In may ways, then, a gritty Italian performance against England allied to a rousing home win at Murrayfield, could just give Scotland a realistic chance of closing the points differential gap on the final weekend.

How on earth have we got here?

So far England have been by far the most impressive team while Scotland have recovered from being comprehensively beaten by them on the opening day to find a way somehow of winning two Test matches back to back in startlingly different ways.

After that Twickenham defeat, Scotland were staring directly at the prospect of suffering the humiliation of successive championship "whitewashes" had they lost to a rampant Italian side that had already shocked France.

Instead, in a performance that made a mockery of many rugby orthodoxies as well as their own recent history of being the worst finishers among international rugby's elite, their counter-attacking brilliance sent the Italians into shocked disarray.

Two weeks later and Scotland claimed a second successive championship victory for the first time in a dozen years, with a performance comparable only in the defensive resolve shown and the taking of what meagre chances came their way.

There was nothing remotely stylish about the reversion to what beat England at Murrayfield in 2006 and 2008 and Australia in 2009 and last year, as they refused to yield in spite of all the evidence for much of the afternoon that even a sub-strength Ireland were far superior.

Rather than backs rattling in tries, the only points came from Greig Laidlaw's right boot, just as they had against Australia in Newcastle last summer and, as in such a high percentage of Scotland's wins in the past six or seven years, they won while losing the try count.

Yet Scotland have faced title eliminators in their last two matches and have come through both.

That they have finally won back-to-back matches and have done so in strikingly differing fashion offers encouragement, then, but is it enough?

WHAT NEEDS TO HAPPEN IF SCOTLAND ARE TO HAVE A TITLE CHANCE?

There was something highly amusing about the way some journalists were upset on Sunday by reports that Dean Ryan, Scotland's forwards coach, had criticised the media for becoming over-excited about the team's efforts so far.

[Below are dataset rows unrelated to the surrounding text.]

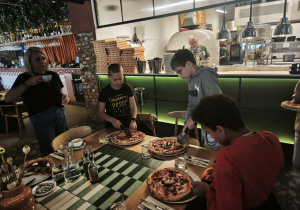 Klasa 5b na warsztatach w pizzerii.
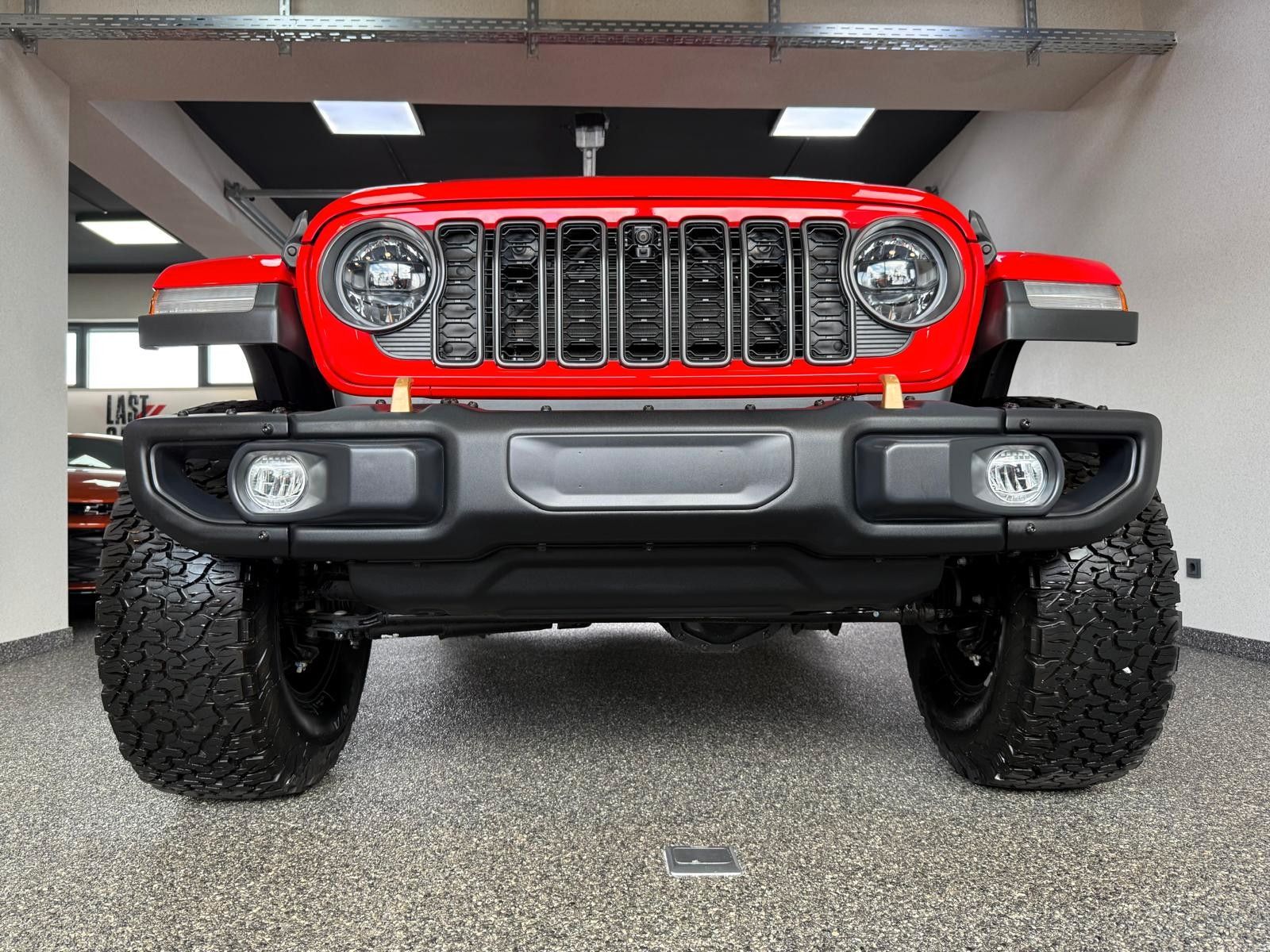 Fahrzeugabbildung Jeep RUBICON 392-6.4L HEMI V8-AHK 3500KG-35"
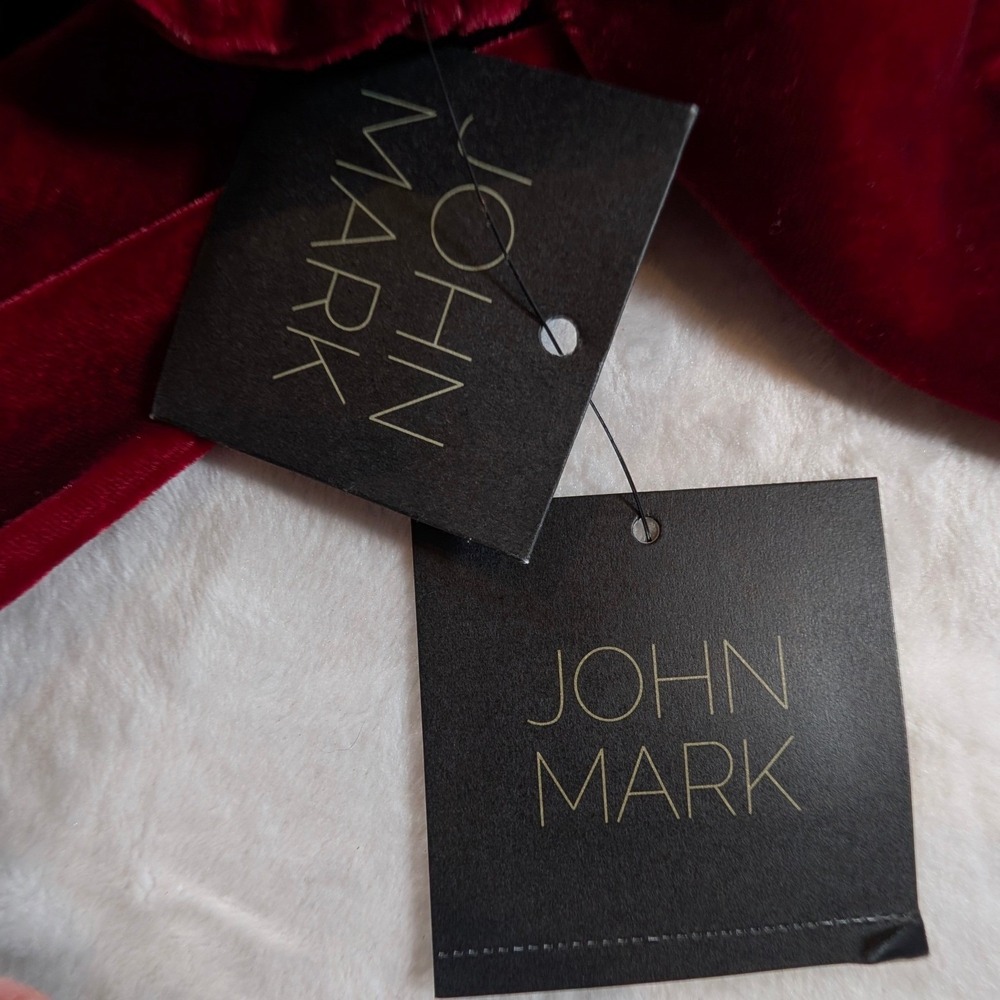 John Mark Womens 1X Red Velvet Button Front Shirt Bell Cuff Wired Collar Artsy - Picture 10 of 13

Those whose noses were out of joint really need to remember that almost everything coaches say ahead of matches is intended to be read, for whatever reason, by their own men or the opposition.

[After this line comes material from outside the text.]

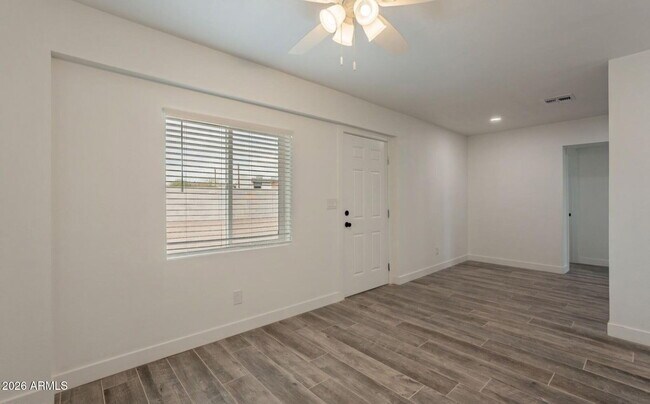 Foto del edificio - 5039 N 18th Ave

For years the Murrayfield moan has been that some elements of the Scottish media are not supportive enough. The truth is that there is always plenty of knee-jerk cheerleading and poison-penmanship depending on results, but no serious analyst had said of Scotland's win over Italy that it represented anything other than much-needed encouragement. However, if we thought the outcome there was remarkable given the way the statistics, other than the scoreline, stacked up in Italy's favour, it was nothing to what happened on Sunday.

Week on week, since Twickenham, it has become ever more clear that Ryan is getting through to the forwards that they must be more brutal yet simultaneously more disciplined if they are to win the gain-line battle, and some progress is being made. Instead of coming into international camp and, as seems to have happened under Andy Robinson and Gregor Townsend, being heavily coached, there seems to be a renewed acceptance that Test rugby is about identifying those the management consider the best available, then finding the best way of utilising what strengths they have on the day.

Realistically the arithmetic says that Scotland have no title chance this time around but, if they are to be the closest challengers to England, that process has to move on once more next weekend and again the weekend after. To beat Wales, they will need to get somewhere close to parity in terms of possession in particular; to beat a France team that showed signs of remembering itself against England on Saturday, even more so.

For these remaining matches they will need their free-flowing backs rattling in tries as against Italy and Greig Laidlaw belting over all his penalties as against Ireland.

However, for both to be allowed to happen on the same day will require far better decision-making and execution of skills in the combat zones than Scotland have exhibited thus far. And they know it.